What you should do -> Print the records below from the first line through the line containing "Une pluie de", both included, word for word.

BEGIN Information

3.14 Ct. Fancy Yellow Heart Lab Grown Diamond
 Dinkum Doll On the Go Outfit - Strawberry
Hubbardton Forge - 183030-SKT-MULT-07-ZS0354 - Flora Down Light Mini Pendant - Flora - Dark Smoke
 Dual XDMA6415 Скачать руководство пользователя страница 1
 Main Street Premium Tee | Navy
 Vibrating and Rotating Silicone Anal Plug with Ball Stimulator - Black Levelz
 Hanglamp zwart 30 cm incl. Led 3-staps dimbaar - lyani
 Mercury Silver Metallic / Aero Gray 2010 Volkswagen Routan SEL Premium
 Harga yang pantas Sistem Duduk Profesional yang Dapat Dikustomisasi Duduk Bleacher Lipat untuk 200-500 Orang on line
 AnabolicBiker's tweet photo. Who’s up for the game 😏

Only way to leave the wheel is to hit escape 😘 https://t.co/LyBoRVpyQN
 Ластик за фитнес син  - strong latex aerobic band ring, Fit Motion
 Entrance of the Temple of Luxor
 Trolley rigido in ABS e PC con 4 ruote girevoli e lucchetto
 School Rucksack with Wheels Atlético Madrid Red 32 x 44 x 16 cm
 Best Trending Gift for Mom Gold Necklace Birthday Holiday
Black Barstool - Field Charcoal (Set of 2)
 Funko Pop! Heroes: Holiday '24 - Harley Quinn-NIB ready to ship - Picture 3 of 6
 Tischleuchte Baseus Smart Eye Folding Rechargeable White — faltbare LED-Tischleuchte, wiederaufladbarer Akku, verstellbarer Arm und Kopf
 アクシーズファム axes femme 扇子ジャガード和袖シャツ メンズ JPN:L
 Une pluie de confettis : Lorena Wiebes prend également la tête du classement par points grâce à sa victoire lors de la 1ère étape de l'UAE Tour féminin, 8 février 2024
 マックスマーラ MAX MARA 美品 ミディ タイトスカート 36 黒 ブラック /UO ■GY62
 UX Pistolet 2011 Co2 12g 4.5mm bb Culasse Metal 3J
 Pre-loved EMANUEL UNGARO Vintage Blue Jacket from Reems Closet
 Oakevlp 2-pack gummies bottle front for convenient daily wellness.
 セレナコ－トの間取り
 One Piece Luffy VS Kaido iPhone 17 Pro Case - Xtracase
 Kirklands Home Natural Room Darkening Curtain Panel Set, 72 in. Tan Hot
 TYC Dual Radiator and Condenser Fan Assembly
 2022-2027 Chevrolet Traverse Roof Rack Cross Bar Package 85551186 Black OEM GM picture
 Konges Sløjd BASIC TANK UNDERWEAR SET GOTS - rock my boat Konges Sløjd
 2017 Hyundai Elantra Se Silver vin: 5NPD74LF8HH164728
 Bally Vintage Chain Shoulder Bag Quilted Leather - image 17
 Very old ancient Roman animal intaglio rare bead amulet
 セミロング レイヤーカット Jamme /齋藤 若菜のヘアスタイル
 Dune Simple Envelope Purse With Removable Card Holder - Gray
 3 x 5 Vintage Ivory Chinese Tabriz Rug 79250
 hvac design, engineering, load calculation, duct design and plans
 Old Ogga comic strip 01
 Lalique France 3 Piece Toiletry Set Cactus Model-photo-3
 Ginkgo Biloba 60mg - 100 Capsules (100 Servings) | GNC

END Information

Task answer ->
3.14 Ct. Fancy Yellow Heart Lab Grown Diamond
 Dinkum Doll On the Go Outfit - Strawberry
Hubbardton Forge - 183030-SKT-MULT-07-ZS0354 - Flora Down Light Mini Pendant - Flora - Dark Smoke
 Dual XDMA6415 Скачать руководство пользователя страница 1
 Main Street Premium Tee | Navy
 Vibrating and Rotating Silicone Anal Plug with Ball Stimulator - Black Levelz
 Hanglamp zwart 30 cm incl. Led 3-staps dimbaar - lyani
 Mercury Silver Metallic / Aero Gray 2010 Volkswagen Routan SEL Premium
 Harga yang pantas Sistem Duduk Profesional yang Dapat Dikustomisasi Duduk Bleacher Lipat untuk 200-500 Orang on line
 AnabolicBiker's tweet photo. Who’s up for the game 😏

Only way to leave the wheel is to hit escape 😘 https://t.co/LyBoRVpyQN
 Ластик за фитнес син  - strong latex aerobic band ring, Fit Motion
 Entrance of the Temple of Luxor
 Trolley rigido in ABS e PC con 4 ruote girevoli e lucchetto
 School Rucksack with Wheels Atlético Madrid Red 32 x 44 x 16 cm
 Best Trending Gift for Mom Gold Necklace Birthday Holiday
Black Barstool - Field Charcoal (Set of 2)
 Funko Pop! Heroes: Holiday '24 - Harley Quinn-NIB ready to ship - Picture 3 of 6
 Tischleuchte Baseus Smart Eye Folding Rechargeable White — faltbare LED-Tischleuchte, wiederaufladbarer Akku, verstellbarer Arm und Kopf
 アクシーズファム axes femme 扇子ジャガード和袖シャツ メンズ JPN:L
 Une pluie de confettis : Lorena Wiebes prend également la tête du classement par points grâce à sa victoire lors de la 1ère étape de l'UAE Tour féminin, 8 février 2024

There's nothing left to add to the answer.